:: Problem ::
Return the stretch from the line with "TRUSCO(トラスコ)　ネ" through the line with "Villa, Gräsåsholmen 316, Karlstad" in the data below, character for character, skipping all pictures.

**** Material for this task

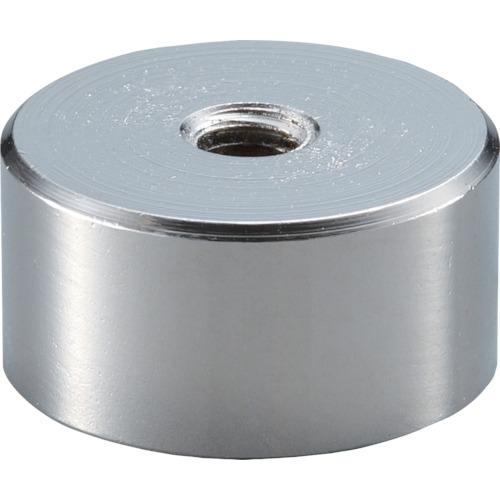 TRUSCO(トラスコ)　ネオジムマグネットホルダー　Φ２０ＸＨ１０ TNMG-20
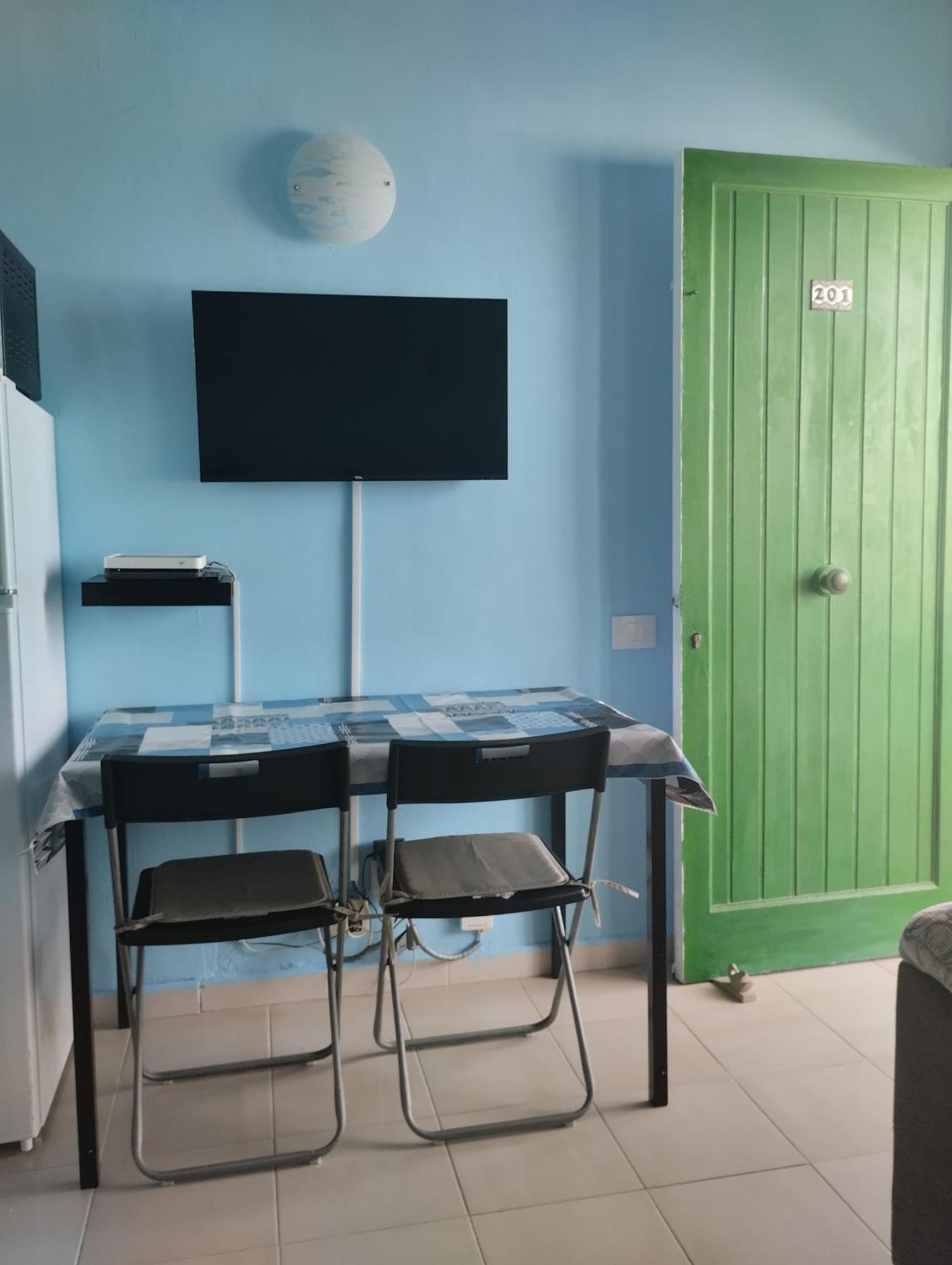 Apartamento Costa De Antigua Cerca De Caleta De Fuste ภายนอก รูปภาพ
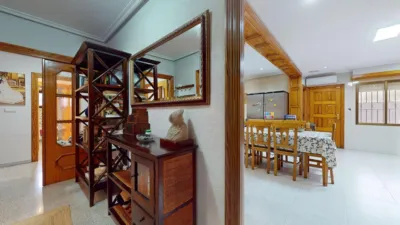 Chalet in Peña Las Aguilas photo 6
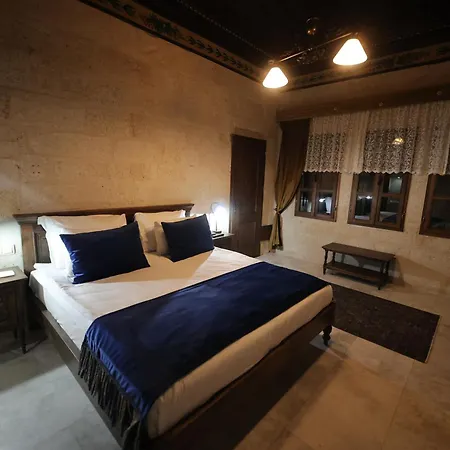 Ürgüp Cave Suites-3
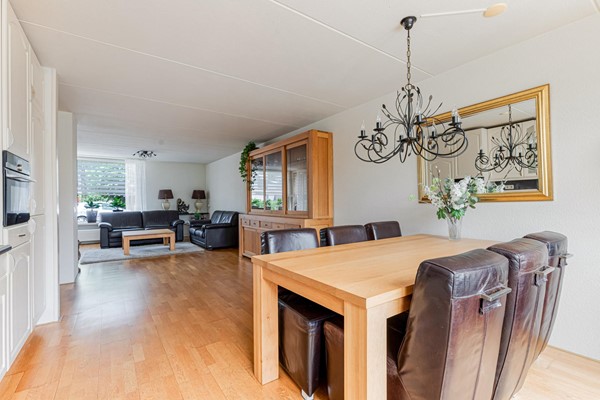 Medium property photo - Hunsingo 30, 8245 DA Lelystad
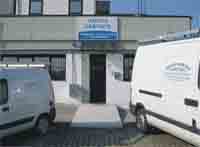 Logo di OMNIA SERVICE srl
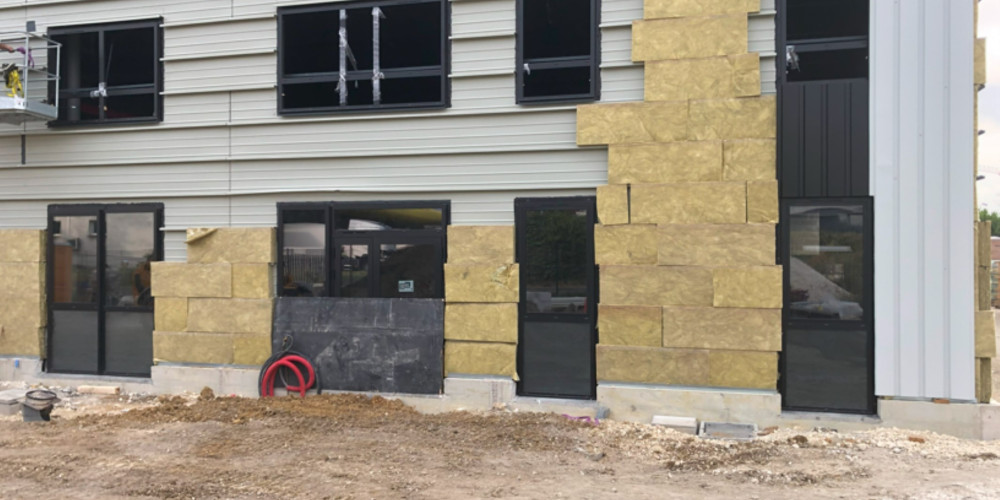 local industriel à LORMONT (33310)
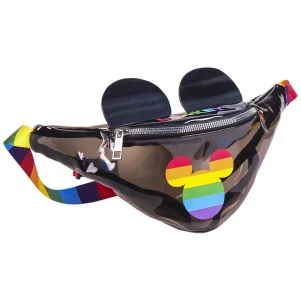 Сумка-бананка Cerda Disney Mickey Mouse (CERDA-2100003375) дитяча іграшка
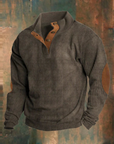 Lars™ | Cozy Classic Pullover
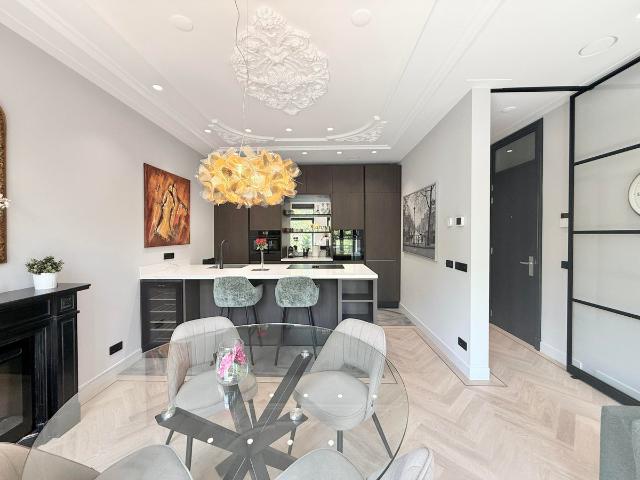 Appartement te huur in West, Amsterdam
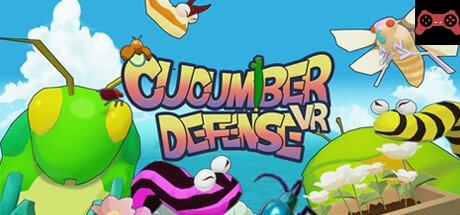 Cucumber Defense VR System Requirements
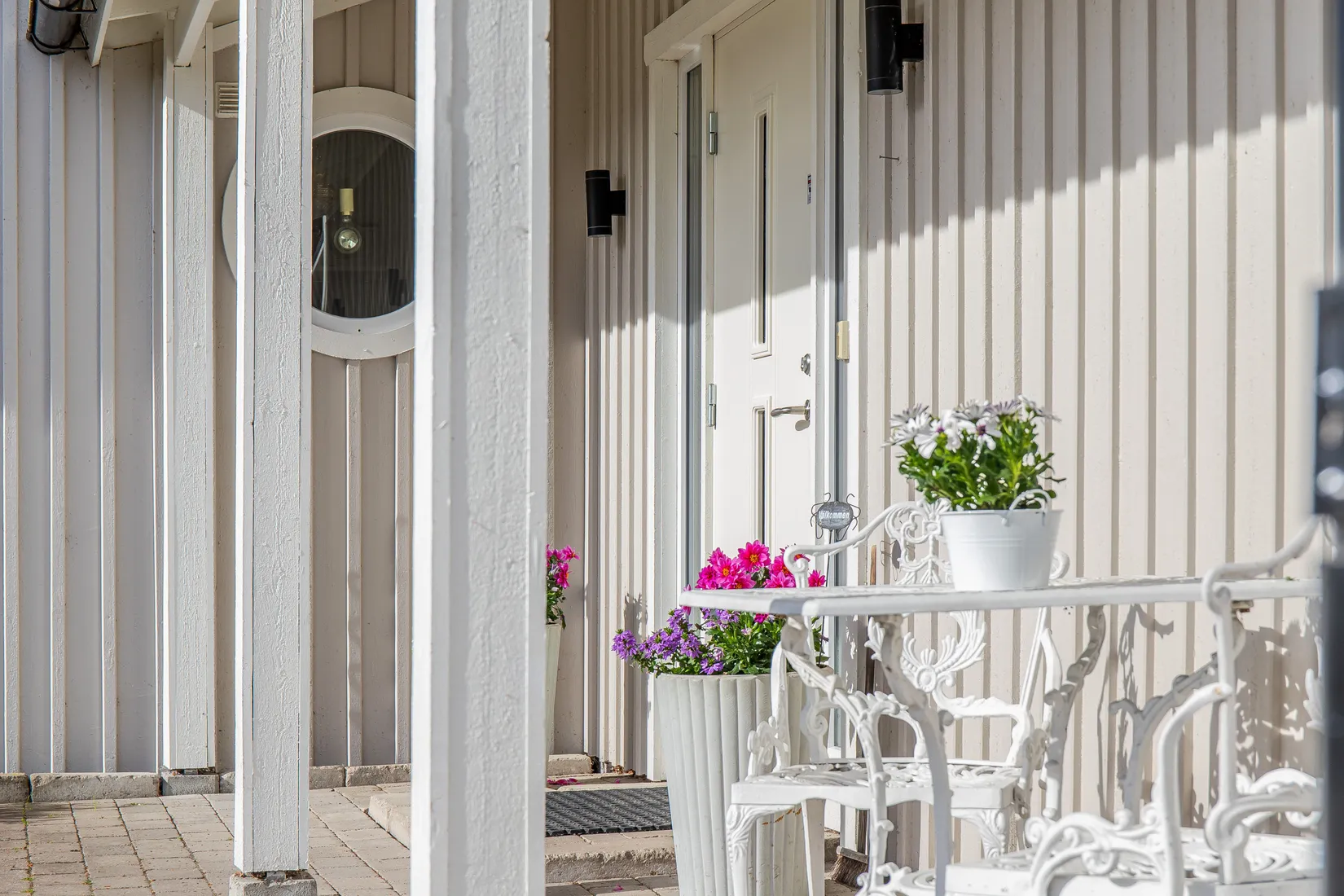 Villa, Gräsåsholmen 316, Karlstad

********
**** Material for this task

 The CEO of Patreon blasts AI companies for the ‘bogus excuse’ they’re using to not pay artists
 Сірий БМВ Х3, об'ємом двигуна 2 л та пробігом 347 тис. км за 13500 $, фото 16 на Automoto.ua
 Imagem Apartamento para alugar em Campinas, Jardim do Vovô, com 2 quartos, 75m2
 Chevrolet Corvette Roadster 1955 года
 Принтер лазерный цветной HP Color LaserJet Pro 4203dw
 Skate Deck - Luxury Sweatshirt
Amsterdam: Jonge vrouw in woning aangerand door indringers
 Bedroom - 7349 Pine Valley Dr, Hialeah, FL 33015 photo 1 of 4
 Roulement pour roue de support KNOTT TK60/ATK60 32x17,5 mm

********

:: Exercise result ::
 TRUSCO(トラスコ)　ネオジムマグネットホルダー　Φ２０ＸＨ１０ TNMG-20
 Apartamento Costa De Antigua Cerca De Caleta De Fuste ภายนอก รูปภาพ
 Chalet in Peña Las Aguilas photo 6
 Ürgüp Cave Suites-3
 Medium property photo - Hunsingo 30, 8245 DA Lelystad
 Logo di OMNIA SERVICE srl
 local industriel à LORMONT (33310)
 Сумка-бананка Cerda Disney Mickey Mouse (CERDA-2100003375) дитяча іграшка
 Lars™ | Cozy Classic Pullover
 Appartement te huur in West, Amsterdam
 Cucumber Defense VR System Requirements
 Villa, Gräsåsholmen 316, Karlstad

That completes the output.